ERICK R. TORRICO VILLANUEVA
Si algo visible consiguió la ronda de audiencias orales del pasado marzo sobre la demanda marítima boliviana en la Corte Internacional de Justicia (CIJ) es haber puesto el tema en la agenda pública chilena.
Como nunca antes, autoridades y ex autoridades del vecino país, así como sus principales medios informativos, se vieron en la obligación de referirse a este problema que, por lo general, hacen pasar inadvertido o más bien minimizan.
Los libros de historia nacional de Chile, por ejemplo, suelen dedicar escasos párrafos o apenas algunas líneas a la invasión militar de 1879 que, para los autores de varios de ellos, no fue sino un “incidente”. Sólo unos pocos más interiorizados llegan a hablar de la “Guerra del Pacífico” y son realmente excepcionales los que examinan los intereses que la provocaron o los beneficios que les deparó esa conflagración, la del salitre.
Es casi seguro, entonces, que buena parte de la población chilena recién se vio expuesta a un asunto que no está presente en su memoria colectiva. Pero, además, la mayoría de los que allí hablaron al respecto intentaron articular una posición común que era nada más un débil eco de los enrevesados argumentos presentados por los defensores de Santiago en los alegatos de La Haya.

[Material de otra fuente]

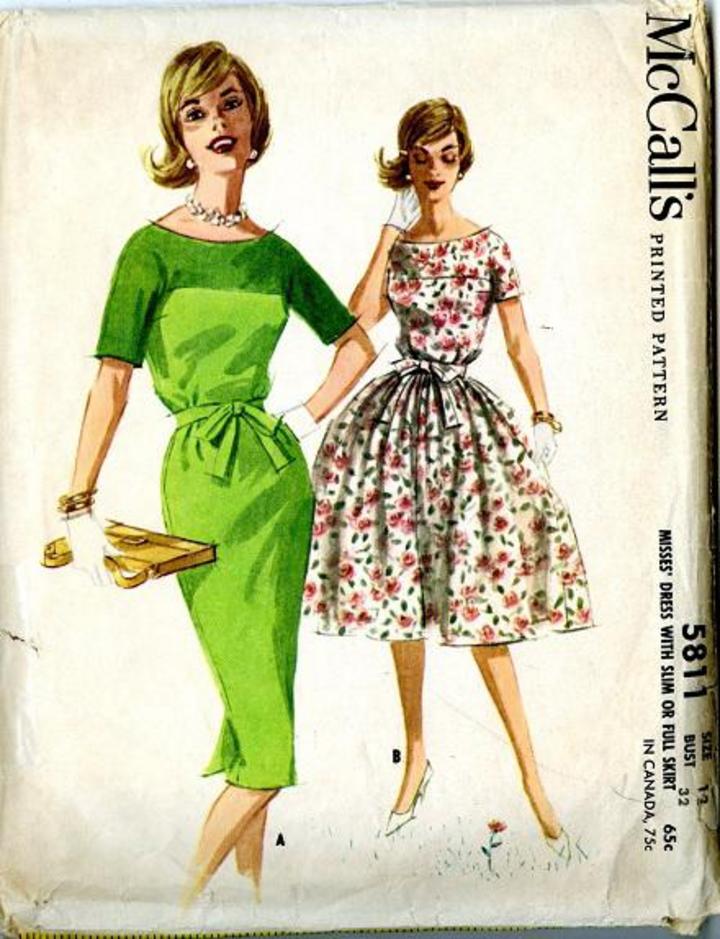 Boat neck dress pattern images deals
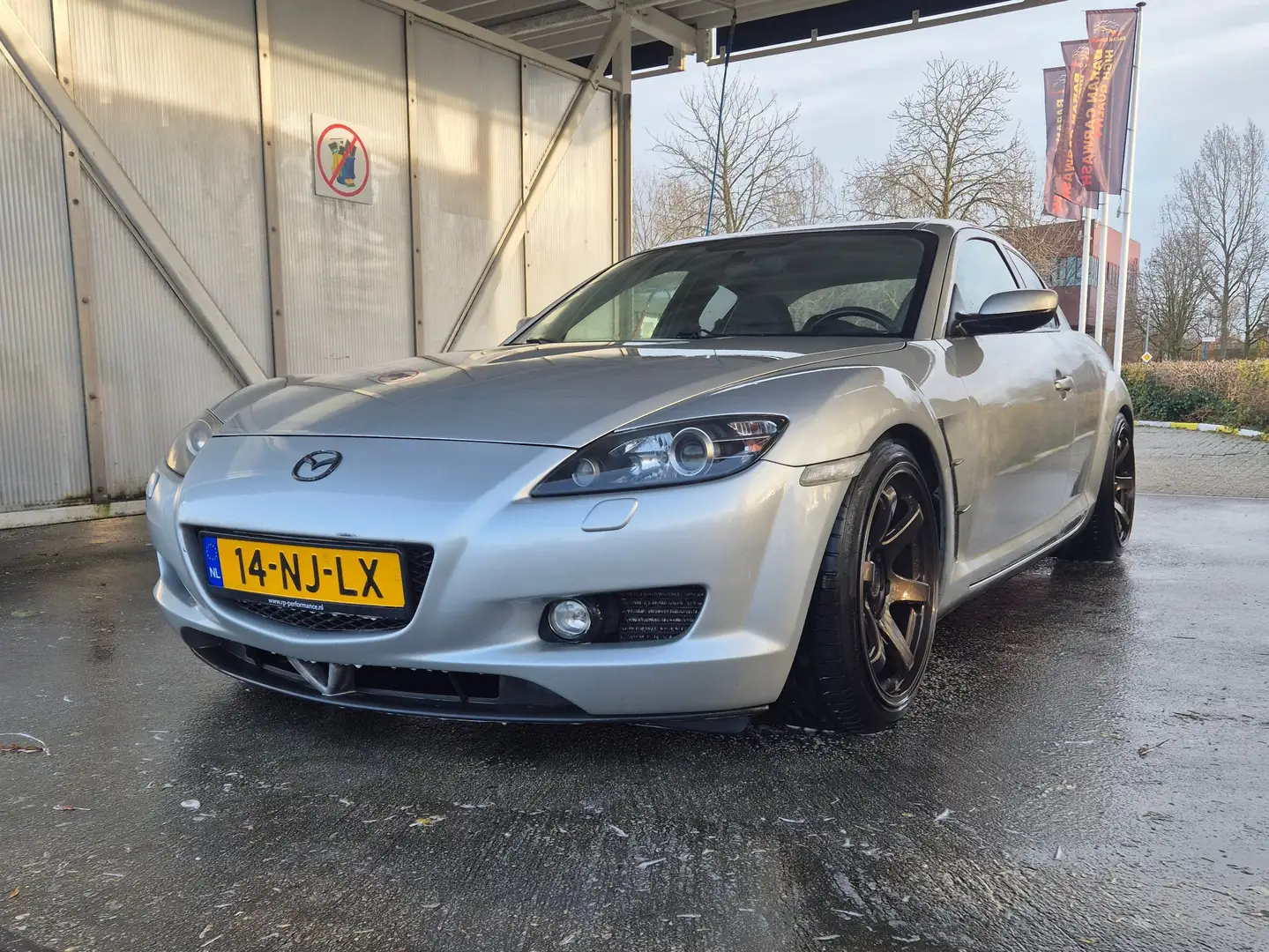 Mazda RX-8 RX-8 1.3 Renesis HP Grijs - 2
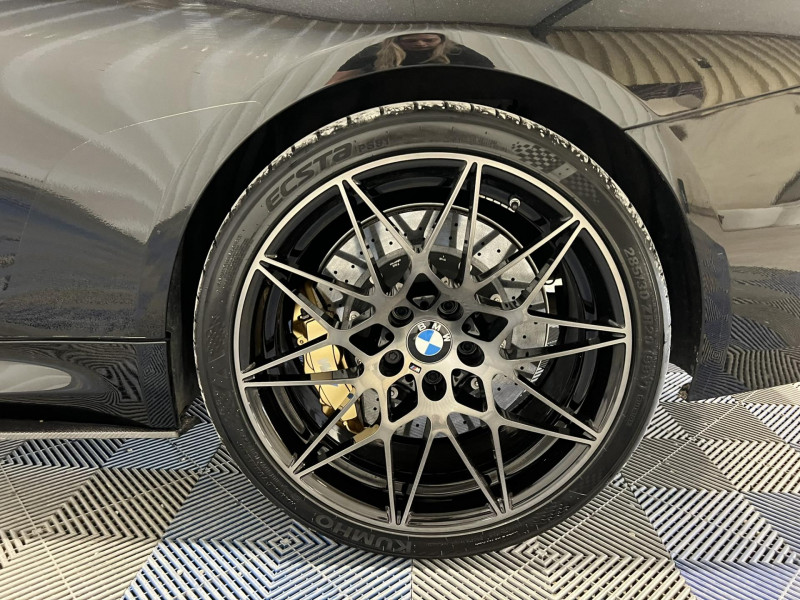 Photo 18 de l'offre de BMW M4 450 ch DKG7 LCI2 Pack Competition Freins Céramique M4 à 64990€ chez VL Auto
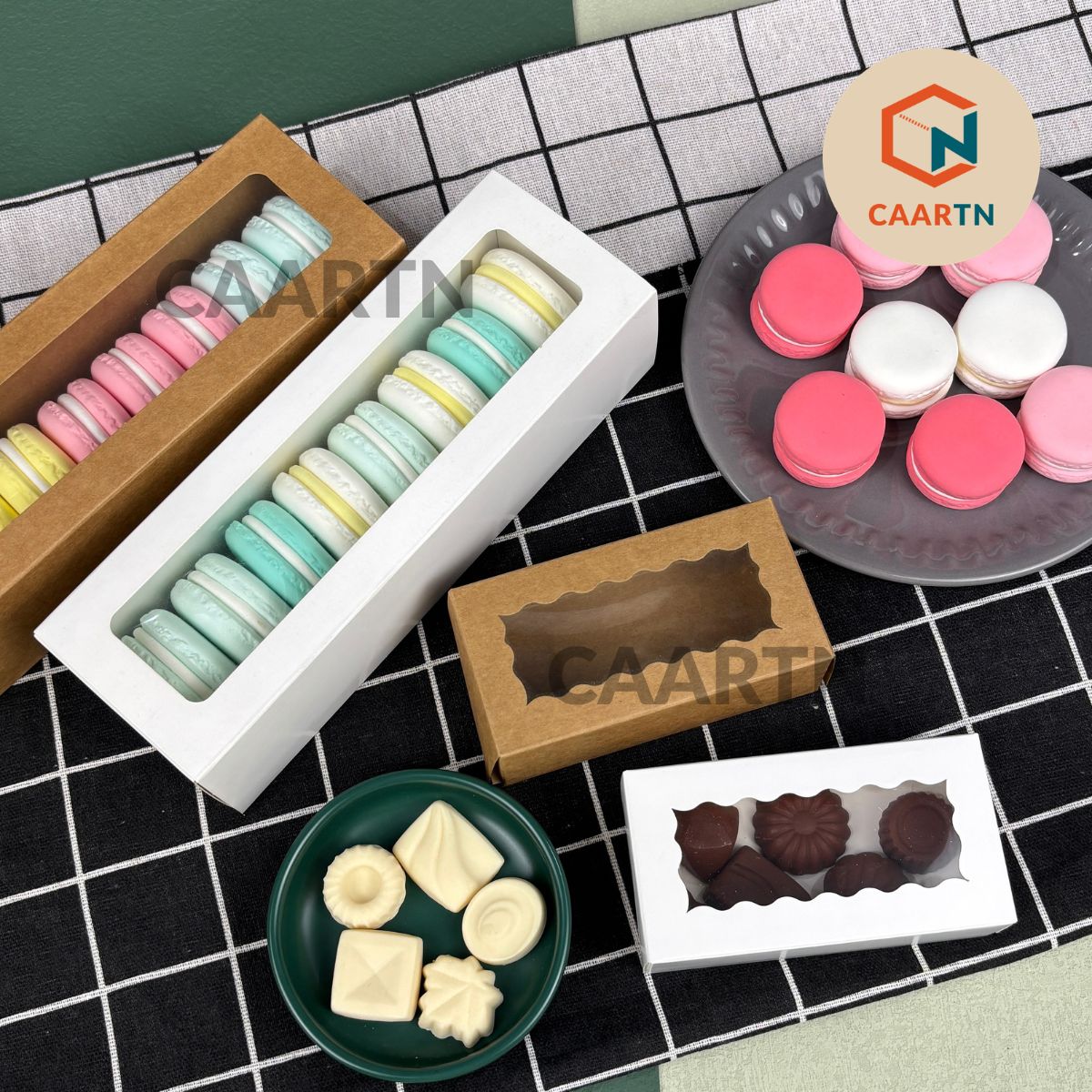 Macaron Window Drawer Box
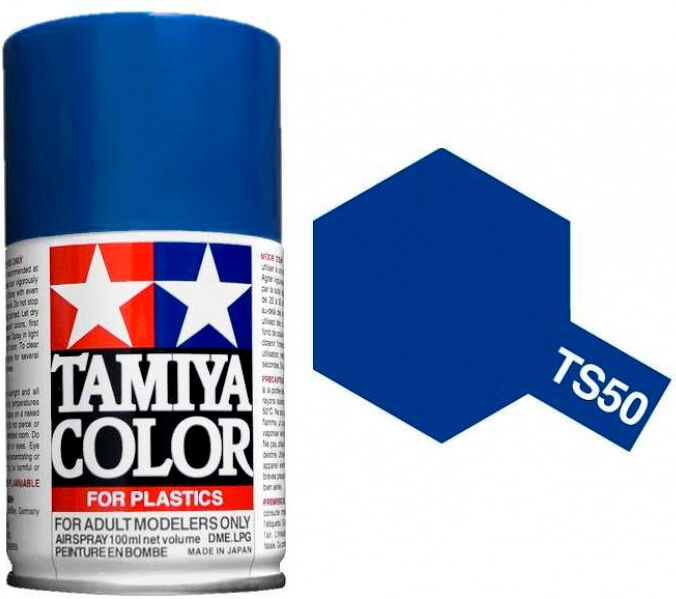 Tamiya Airspray TS-50 Mica Blue Tamiya 85050 - 100ml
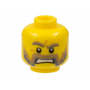 LEGO® Mini-Figurine Tête Homme Barbe (2V)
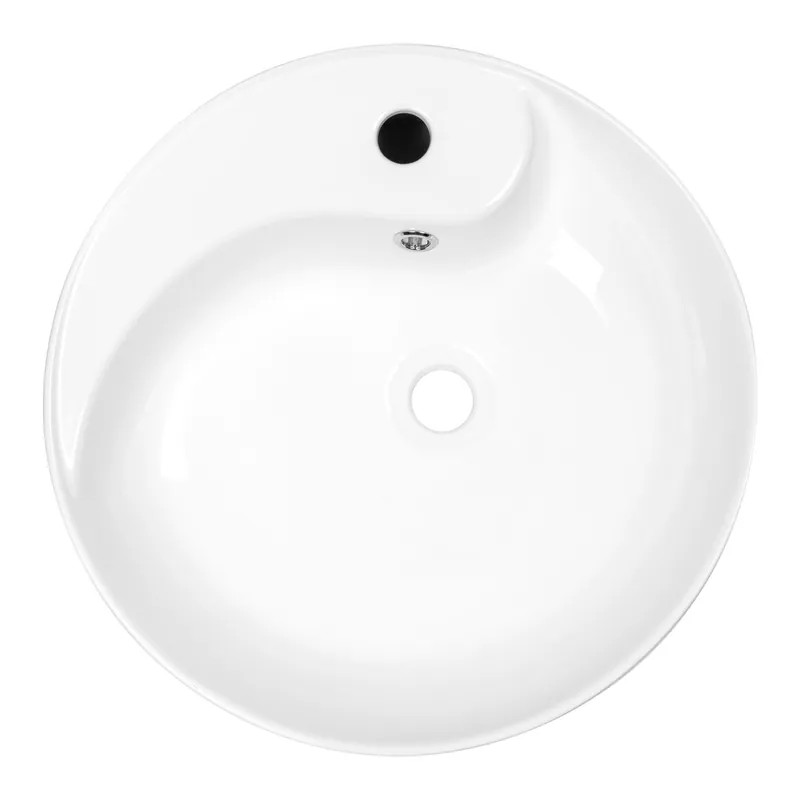 In De Mode Kerra KR 09 waskom 46.5cm wit
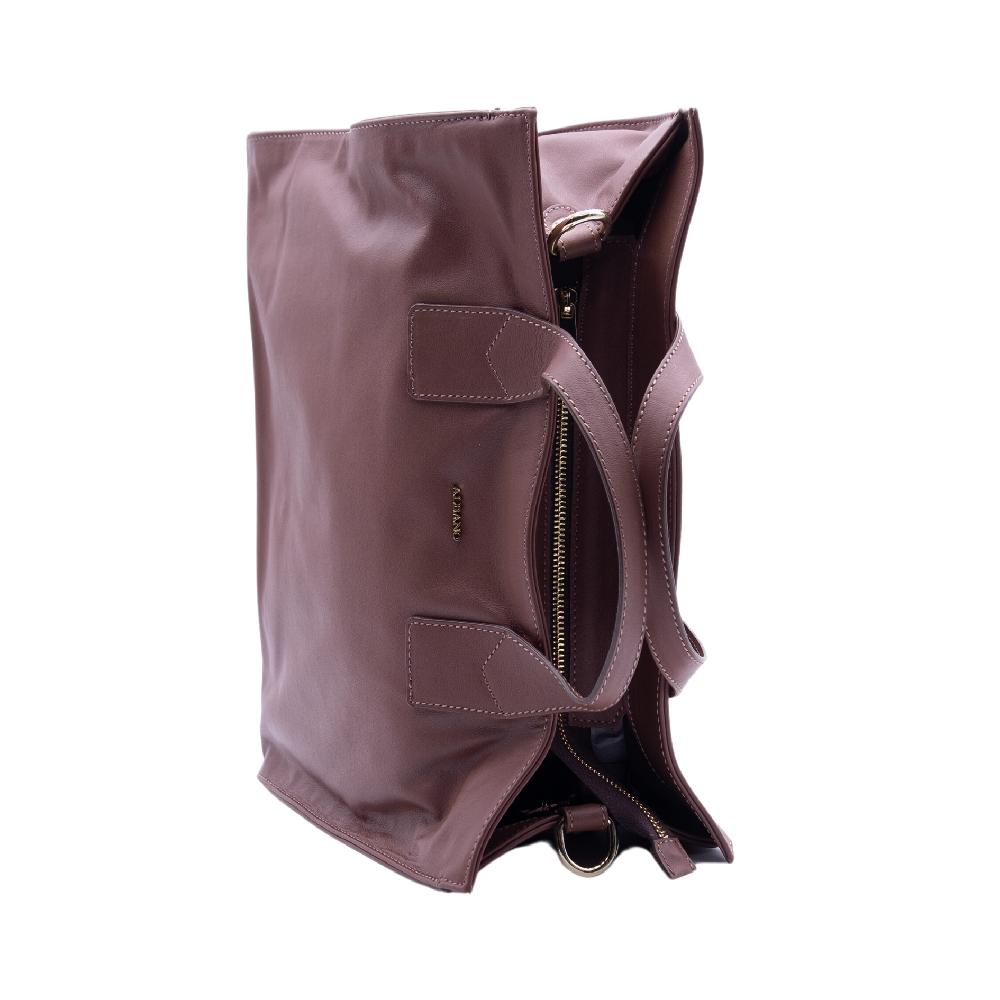 ALBANO Borsa marrone Qualità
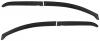 SAT ST-TY31-621-A0 Ветровики TOYOTA COROLLA FIELDER 06- комплект передние
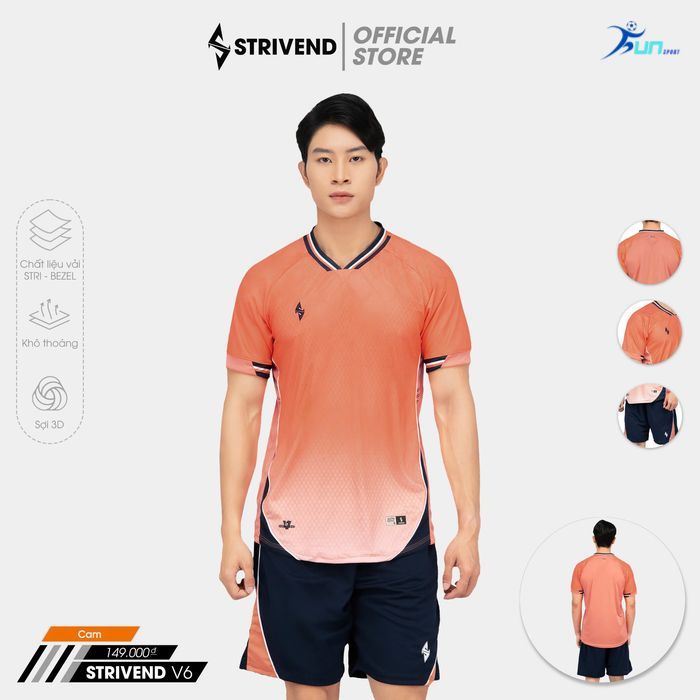  Bộ quần áo bóng đá STRIVEND V6 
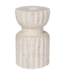 Travertine Iona Candleholder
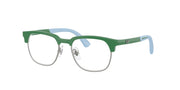 Ray-Ban RY1641 Green On Gunmetal Eyeglasses Kids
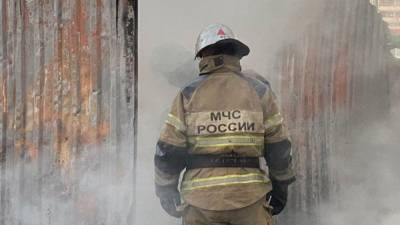 Двое детей сгорели заживо в частном доме в Якутии
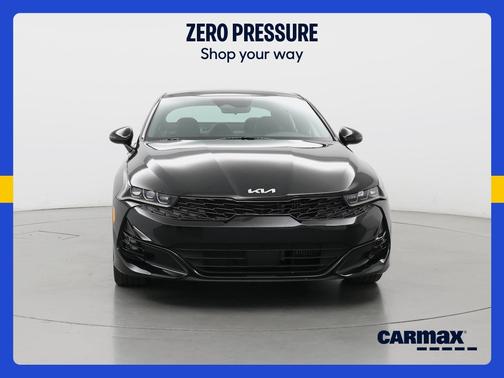 Black 2024 Kia K5 GT-Line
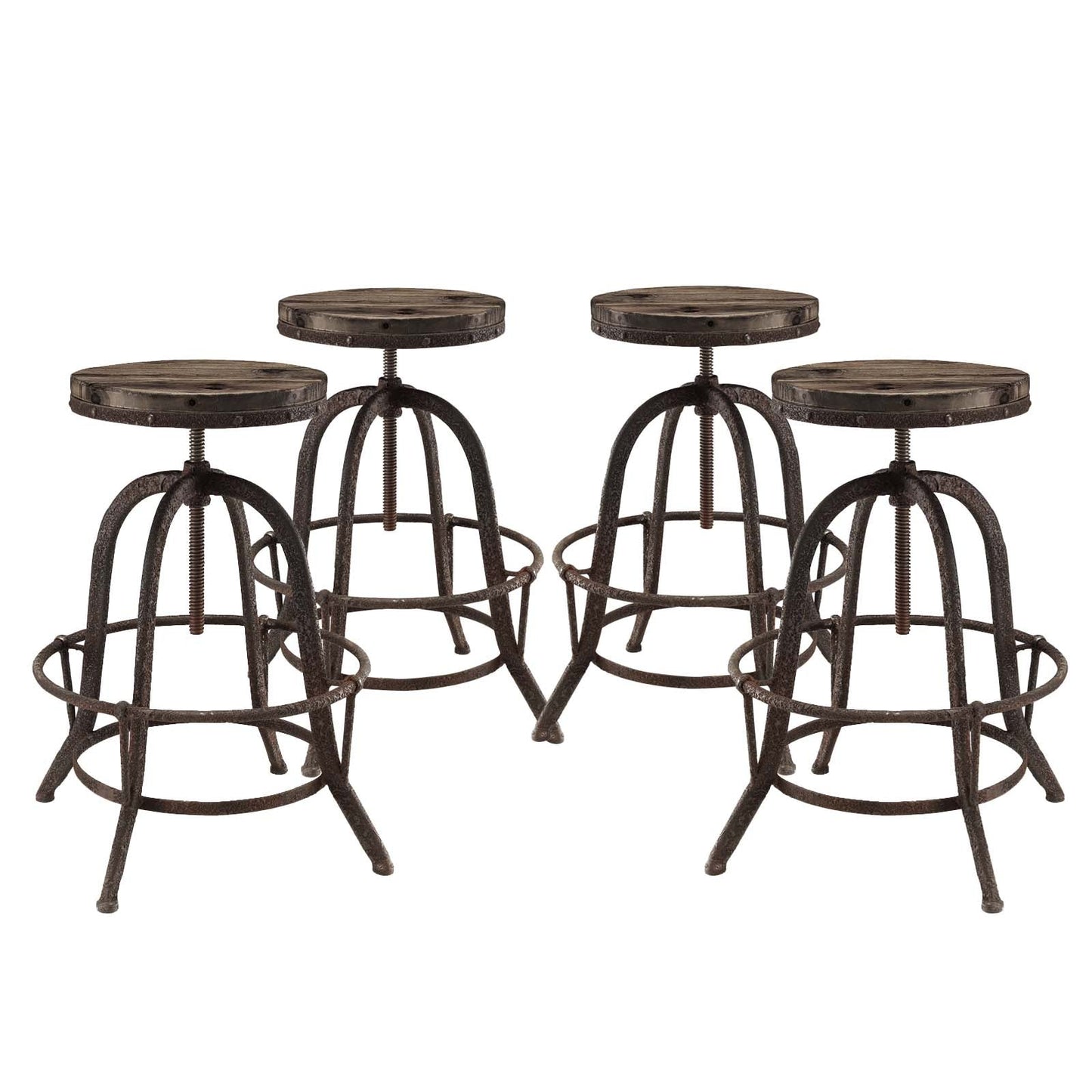 Modway Collect 4 Piece Dining Set | Dining Sets |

No obstante, más allá de las opiniones vertidas –que dijeron que Bolivia busca inventar unos inexistentes compromisos para negociar, que no hay ningún asunto pendiente tras el Tratado de Paz y Amistad de 1904 o que el gobierno “indígena” de La Paz pretende proyectar una imagen de víctima frente a un presunto “abuso chileno”–, es evidente que se ha desatado en Chile una lucha por conquistar su opinión ciudadana.
La tensión a que ello condujo se retrató en el calificativo de “traidor a la patria” dado a Alejandro Guillier, candidato perdedor de las últimas elecciones presidenciales, quien el 12 de marzo planteó la posibilidad de un canje territorial con soberanía para Bolivia y que ya en 2006, al cierre en Antofagasta del congreso del Colegio de Periodistas de Chile que entonces presidía, había validado una declaración institucional de respaldo a la causa marítima boliviana.
Pues bien, esa incorporación del tema en la esfera pública de la nación trasandina y los llamados hechos en la Televisión Nacional de Chile para que también tenga espacios en la educación escolar son un efecto significativo de la acción internacional emprendida por el gobierno boliviano ante la CIJ, la cual quizá puede ser considerada la de mayor coherencia en sus más de 12 años de gestión.
No obstante, la consistencia de la documentada hipótesis en que tal acción se basa –que Chile se comprometió reiteradamente a negociar una salida soberana al mar para Bolivia y que ello da lugar a obligaciones jurídicamente exigibles– ni la exhibida en los alegatos del pasado mes serán suficientes para llevar al gobierno de La Moneda a la mesa del diálogo y menos con la “buena fe” para resolver el encierro geográfico boliviano.
Chile ya echó sus cartas: nada le obligará a negociar, no aceptará un fallo que considere injusto y no piensa ceder “ni un milímetro de soberanía”. Inclusive, el senador conservador Manuel José Ossandón dijo en TV que es hora de “mostrarles los dientes [a los bolivianos]”.
Ante tal panorama, ofrecer a los vecinos adelantar negociaciones o hasta restablecer relaciones diplomáticas es un triunfalismo anticipado carente de sentido. Más bien el gobierno necesita definir ya qué va a hacer después de La Haya.
Erick R. Torrico Villanueva es especialista en Comunicación y análisis político.